C ôté pile, c’est une invasion classique de Vikings qui vient perturber la vie paisible et rugueuse de paysans et de marins flamands. Le tout vu sous l’angle semi-humoristique d’un enfant qui tente de survivre seul dans cette communauté devenue hostile à l’arrivée des envahisseurs. Côté face, l’espace, un vaisseau immense, une section de prisonniers extra-terrestres qui, en guise de mission de réinsertion, va devoir gérer un troupeau de larves beuglantes pour assurer le renouvellement de l’espèce. Un jeun alien, rebelle et facétieux, n’accepte pas l’autorité et va essayer de se libérer de ses chaines et de voler de ses propres ailes en subtilisant une navette spatiale et en se dirigeant vers la planète Terre. Que le lecteur choisisse par quelle face commencer, celles-ci sont présentées tête bêche et se rejoignent au milieu du livre, comme les protagonistes.

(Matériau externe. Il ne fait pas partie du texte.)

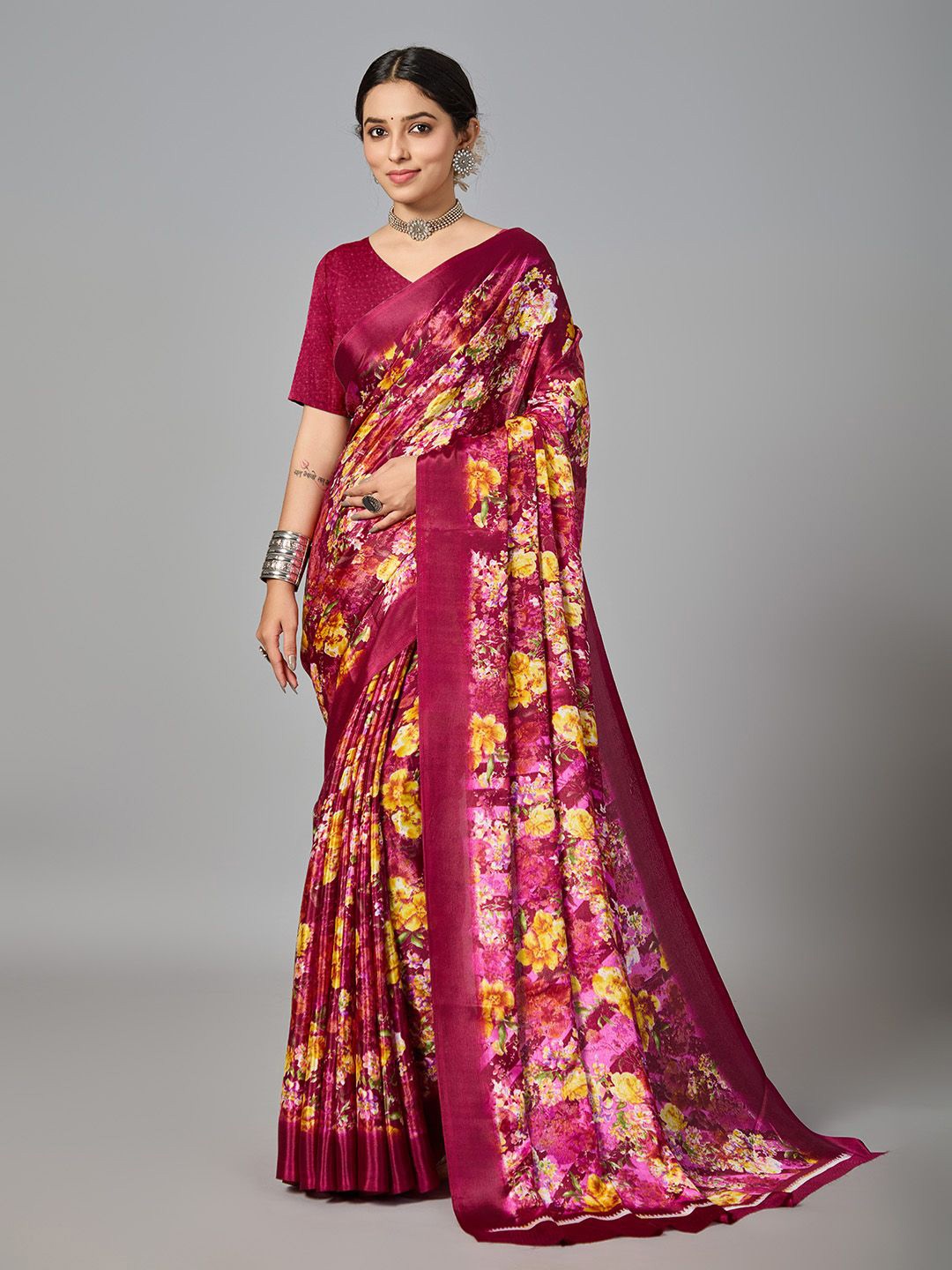

NIRMAL CREATION Floral Pure Cotton Saree, Rose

Un bouleversement généré par la rencontre improbable d’un monde médiéval réaliste avec celui imaginaire d’un univers de science-fiction peut réserver de bonnes surprises. Mais l’alchimie ne prend pas. Peut-être parce que la rencontre n’est qu’esquissée, laissant un goût de trop peu en attente d’un deuxième tome ? Mais surtout parce que le ton n’est pas juste. Celui-ci oscille entre un dessin tout en rondeur proche du dessin animé japonais (le jeune E.T. est un Astroboy inachevé) adapté à l’humour et la dure loi imposée par les féroces Vikings, trop brutale. Il n’est pas question de manque de crédibilité puisque la base de départ l’écarte d’entrée, mais l’équilibre n’est tout simplement pas assuré et il en résulte un sentiment d’inadaptation. La cruauté peut rimer avec humour lorsqu’il s’agit de second degré, difficilement avec une dérision cartoonesque. Les onomatopées servant de patronyme aux étrangers venant de l’espace (Oon, Umpf, Argh, etc. ), apportent un aspect ridicule qui n’arrange rien et les sourires en coin du gamin flamand, pourtant confronté à une injustice flagrante, n’aide pas à la cohérence. Si Steven Dupré (Kaameloot) développe un graphisme agréable et maitrisé, il semble que le mélange des styles soit plus dévastateur que favorable.

On ne peut pas reprocher un réel travail sur l’originalité, mais cela ne suffit pas à aboutir à un récit attrayant pour l’instant. Peut-être que les épisodes suivants, édités dans une présentation plus classique maintenant que les protagonistes sont réunis, apporteront des éléments complémentaires qui éclaireront favorablement cette histoire. C’est tout le mal que l’on peut souhaiter à Midgard.